There is a consensus that small schools are better ... but what is small? School Redesign Network states:
An important starting point for exploring this dilemma is to realize that there is no such thing as an “ideal” school size because small size is not the goal – it is simply a means to an end. For years, researchers have been doing quantitative studies on school size in an attempt to find the perfect size where student achievement is at its peak – and, since results have varied, there is still no general agreement on the one best size (see Irmsher 1997 and Gladden 2000 for overviews of the research).
We know that small size by itself does not produce results; rather, it is an important enabling condition that allows schools to move away from the traditional comprehensive model and create more effective organizational designs that support improved teaching and learning. Rather than trying to find an ideal size for your small learning communities, the key is to ensure that the size and configuration you choose are explicitly and carefully designed to support your desired design features, which in turn support powerful teaching and learning.
Researcher Tom Gregory notes that when large schools break up into small learning communities, they often choose the sizes of the schools-within-a-school (SWAS) for administrative reasons rather than to support the design features they want to achieve, which leads to problems:
Many small school practitioners use the design criteria Gregory suggests – a small enough faculty so they can work together easily to create and sustain a common vision. For example, Deborah Meier, founder of Central Park East Secondary School in East Harlem, says that her faculty ended up being too large:
If we had it to do over again we’d have been even smaller – with no more than 300 students – so that the entire faculty could more easily meet together to talk things out. (1995, p. 36)
At a recent seminar on small learning communities, educational consultant Dick Corbett described his criteria for size based on a design principle of personalization – that the school should be small enough so that every adult knows every child’s name:
Anonymity is one of the biggest cracks in the classroom floor in poor schools. If the school is too big for every adult to know every child’s name, then the school is simply too big. (2002)
Meier makes a similar point about personalization and relationships as a key factor for determining how small a school should be:
Long before we have figured out how to redesign classrooms, use computers and other advanced technologies, or do any of the other overwhelming innovations being daily touted, we can do away with one foolish mistake and proclaim that the day has come when every child is entitled to be in a school small enough that he or she can be known by name to every faculty member in the school and well known by at least a few of them, a school so small that family can easily come in and see the responsible adults and the responsible adults can easily and quickly see each other. What size is that exactly? It can’t be too small, but surely it can’t be larger than a few hundred! If that strikes us as shocking, we might for a moment look at the size of the average elite independent private school and wonder why we haven’t learned this lesson until now. (1995, p. 117)

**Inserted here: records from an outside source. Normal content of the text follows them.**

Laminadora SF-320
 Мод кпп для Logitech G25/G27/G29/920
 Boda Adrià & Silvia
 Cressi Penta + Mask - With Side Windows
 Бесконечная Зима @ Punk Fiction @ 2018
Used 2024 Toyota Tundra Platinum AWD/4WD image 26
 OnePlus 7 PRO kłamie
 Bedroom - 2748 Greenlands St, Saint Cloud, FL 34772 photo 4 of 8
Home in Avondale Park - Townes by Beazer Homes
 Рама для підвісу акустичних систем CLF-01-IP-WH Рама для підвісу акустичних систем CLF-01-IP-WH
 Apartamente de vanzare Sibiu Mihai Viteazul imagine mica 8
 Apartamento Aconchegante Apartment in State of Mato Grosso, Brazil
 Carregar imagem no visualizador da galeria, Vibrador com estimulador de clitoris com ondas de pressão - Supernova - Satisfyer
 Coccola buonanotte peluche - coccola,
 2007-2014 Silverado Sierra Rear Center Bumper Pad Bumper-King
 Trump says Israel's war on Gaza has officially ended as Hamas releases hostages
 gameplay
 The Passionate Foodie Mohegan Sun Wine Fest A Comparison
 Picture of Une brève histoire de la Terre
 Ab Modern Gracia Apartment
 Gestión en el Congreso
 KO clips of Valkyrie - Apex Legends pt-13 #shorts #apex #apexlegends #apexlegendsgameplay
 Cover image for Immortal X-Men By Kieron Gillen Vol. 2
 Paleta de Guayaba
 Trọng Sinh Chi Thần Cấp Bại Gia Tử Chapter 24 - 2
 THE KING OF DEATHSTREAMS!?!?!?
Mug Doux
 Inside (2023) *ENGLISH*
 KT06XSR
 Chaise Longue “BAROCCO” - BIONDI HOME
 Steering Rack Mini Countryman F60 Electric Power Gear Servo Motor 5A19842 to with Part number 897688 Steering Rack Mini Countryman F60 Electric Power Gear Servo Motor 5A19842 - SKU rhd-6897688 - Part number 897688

Yet rather than putting forth a new “ideal” size, these examples are intended to illustrate how design can and should drive decisions about size. As author Matt Gladden puts it, “Instead of arguing whether the ideal size of a school is 400 or 700, we suggest that a school’s size needs to respond to its context and goals” (2000).
Gladden offers several useful factors to consider that may influence the size of a small school or a school within a building (SWB):
[A] school needs to consider its student body, organizational structure, and programmatic focuses. A school that serves a traditionally “at-risk” student population, whose modal experience of school is alienation, may need to be smaller so students and teachers can more intensely interact. Similarly, SWBs might need to be smaller than freestanding schools because SWBs constantly have to negotiate organizational, academic, and social forces in the larger school. In other cases, a SWB, however, may have to be above a certain size to gain access and respect from the larger school. Also, a school’s size should be responsive to its mission. If a high school plans to get jobs for all of its seniors, the school needs to make sure its size does not exceed the school’s ability to find students jobs. (2000)
As you can see, Gladden’s list includes both design factors (what size would best support a traditionally “at risk” student population?) and political factors (what size would best allow a school within a building to become sustainable?). The political factors are important to consider, especially in the context of a large to small redesign effort, but they should not overshadow the design factors because if you cannot implement your design features effectively, you will not end up with the results you want. Moreover, it is important to remember that one size does not need to fit all – in many redesign efforts, small learning communities end up being different sizes depending upon their design needs and different levels of student interest.
In conclusion, the key to choosing small learning community sizes is to tie the decision closely to the design you want to achieve, which will enable you to achieve the improvements in teaching and learning that you have worked so hard to move toward.